# Requirement:
Please give back, exactly as written, the lines from the line with "A man in a cowboy" to the line with "Ann Declene and" in the listing below, leaving out all pictures.

# Task inputs:
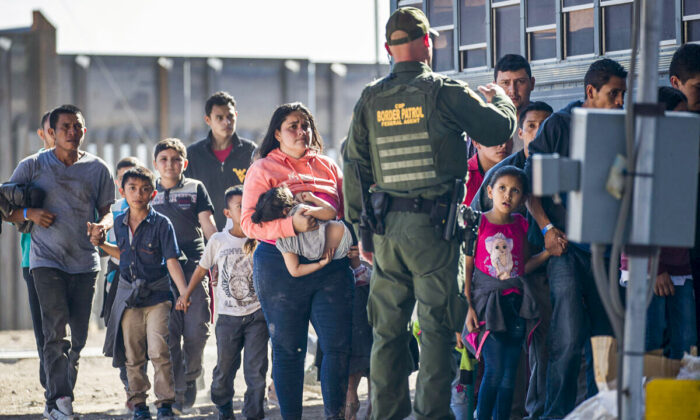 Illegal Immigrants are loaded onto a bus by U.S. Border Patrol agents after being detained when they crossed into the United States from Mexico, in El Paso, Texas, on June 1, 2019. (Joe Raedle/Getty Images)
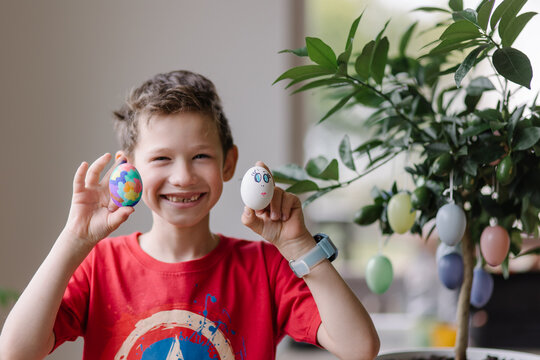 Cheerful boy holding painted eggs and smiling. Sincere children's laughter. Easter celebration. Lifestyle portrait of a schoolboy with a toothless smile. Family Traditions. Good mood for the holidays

--

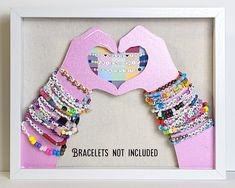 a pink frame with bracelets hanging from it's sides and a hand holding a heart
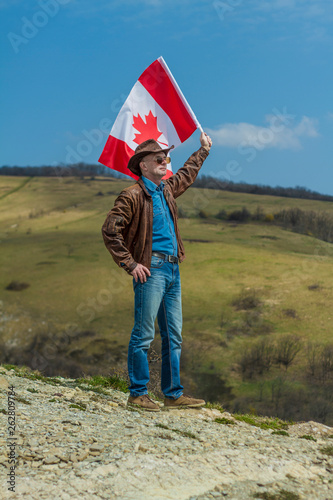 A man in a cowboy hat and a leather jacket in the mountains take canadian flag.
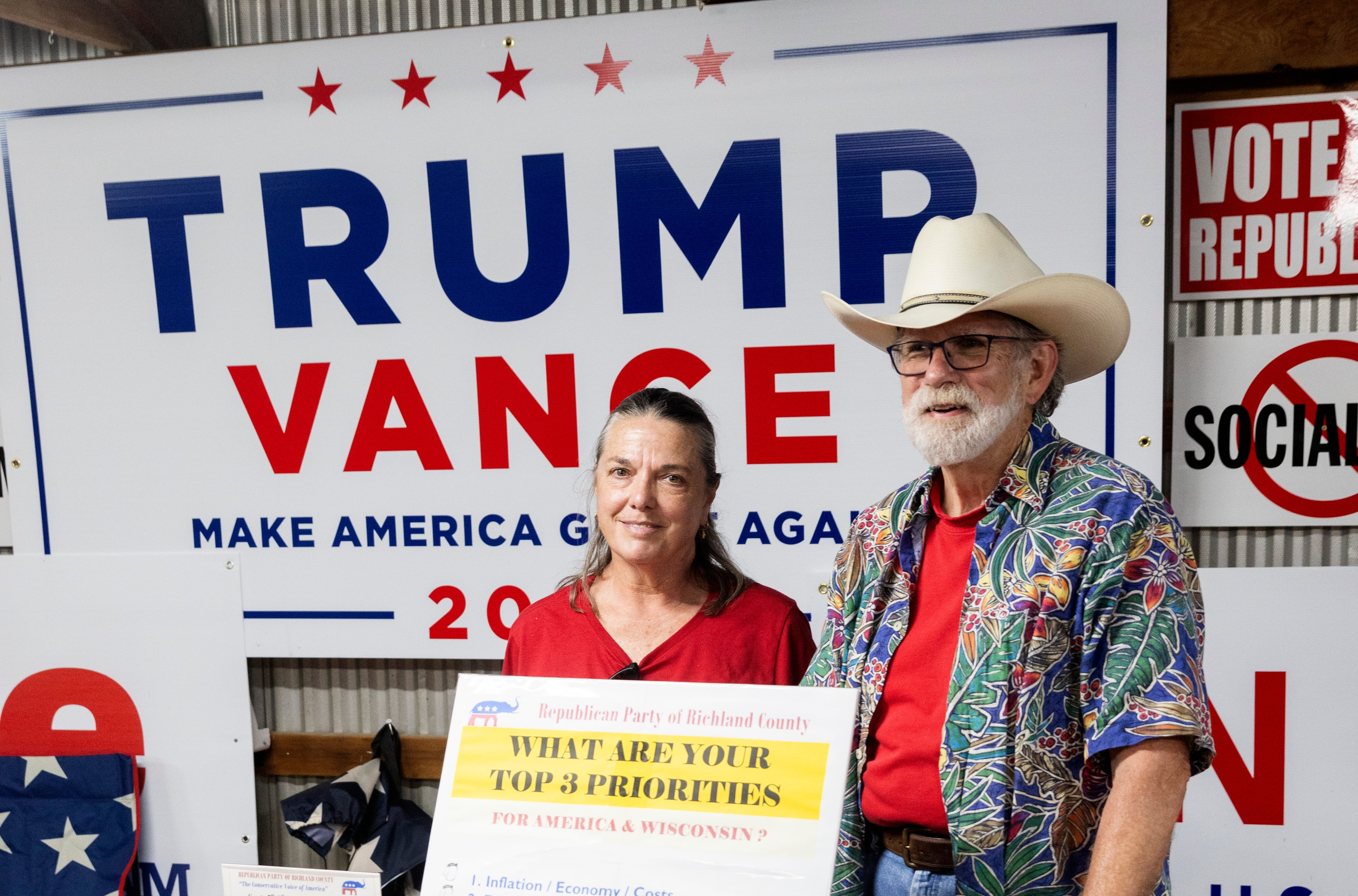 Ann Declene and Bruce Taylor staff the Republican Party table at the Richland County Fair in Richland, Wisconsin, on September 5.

# Solution:
 A man in a cowboy hat and a leather jacket in the mountains take canadian flag.
 Ann Declene and Bruce Taylor staff the Republican Party table at the Richland County Fair in Richland, Wisconsin, on September 5.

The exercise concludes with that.